- _WHAT IS BEING ASKED_:
An exact copy is the goal: every line from the one containing "3724 W 45th Place, Tulsa, OK 74107" to the end of the material below, pictures excluded.

- _RAW DATA_:
★ ★ ★ ★ ★
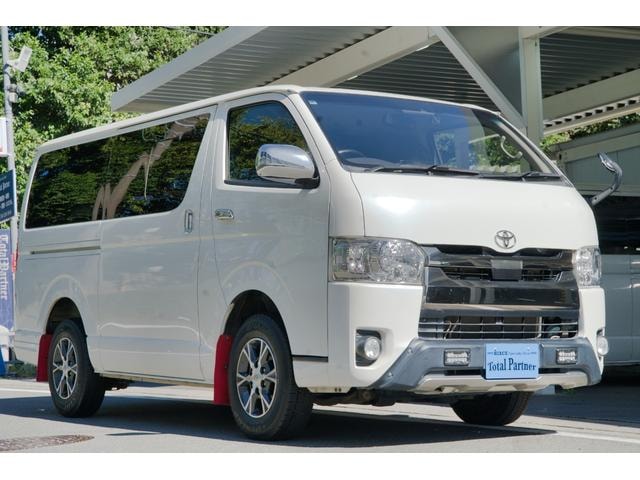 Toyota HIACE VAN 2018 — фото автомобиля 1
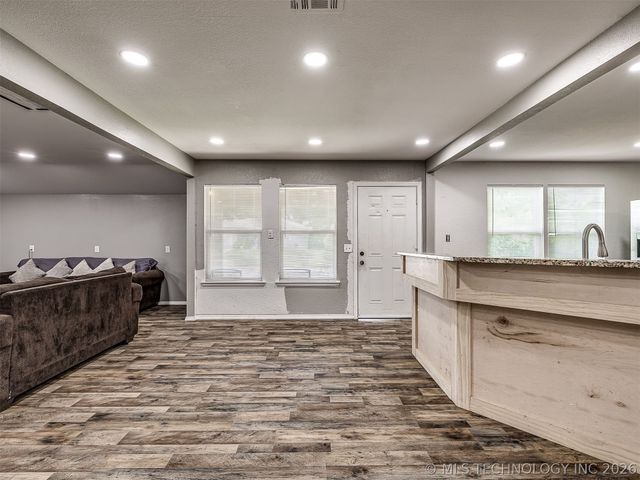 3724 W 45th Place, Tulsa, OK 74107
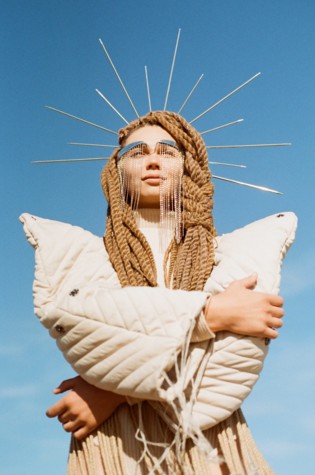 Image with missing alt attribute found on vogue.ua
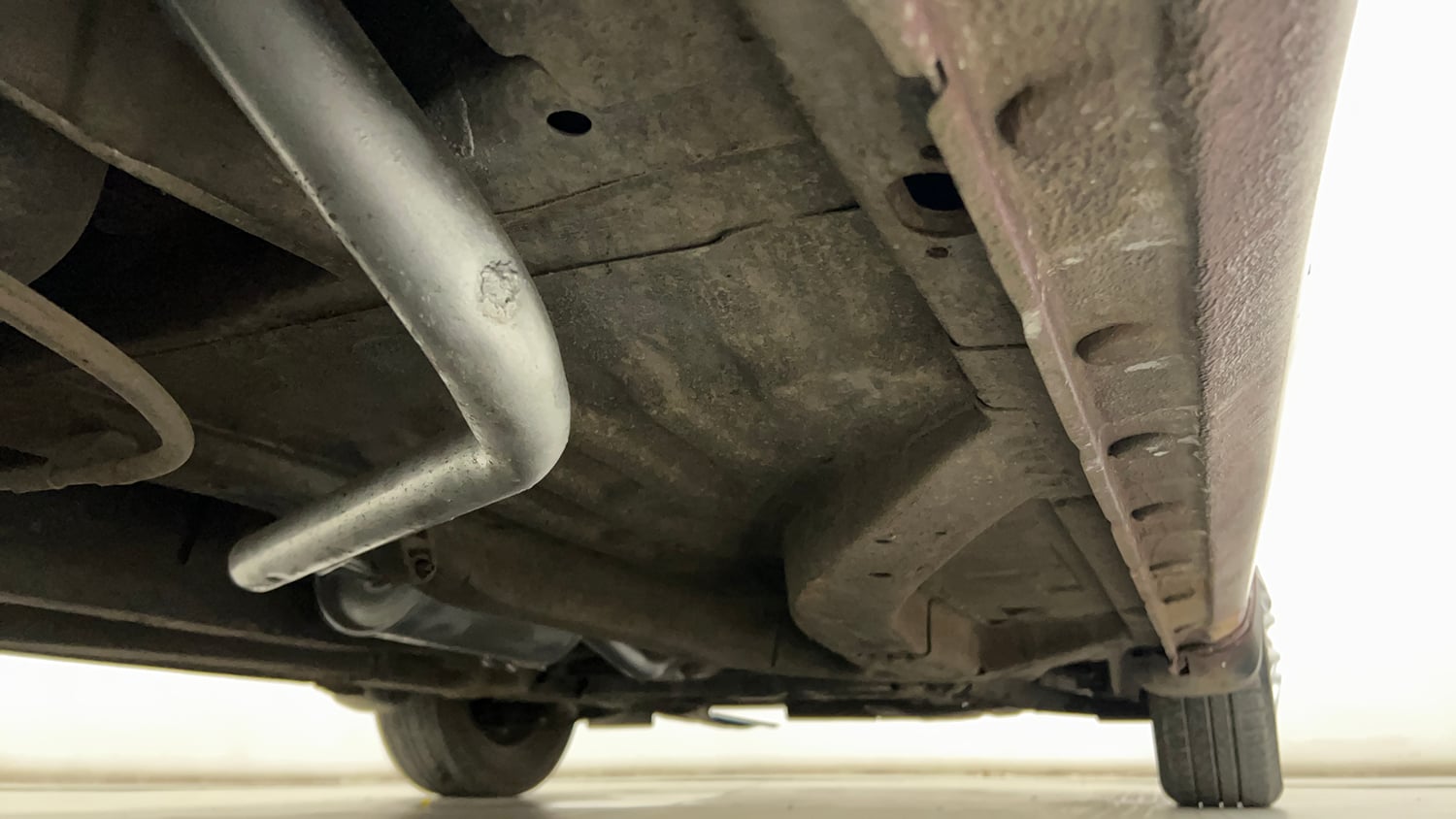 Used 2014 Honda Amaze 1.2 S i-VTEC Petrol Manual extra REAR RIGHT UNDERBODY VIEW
★ ★ ★ ★ ★
- _EXPECTED ANSWER_:
 3724 W 45th Place, Tulsa, OK 74107
 Image with missing alt attribute found on vogue.ua
 Used 2014 Honda Amaze 1.2 S i-VTEC Petrol Manual extra REAR RIGHT UNDERBODY VIEW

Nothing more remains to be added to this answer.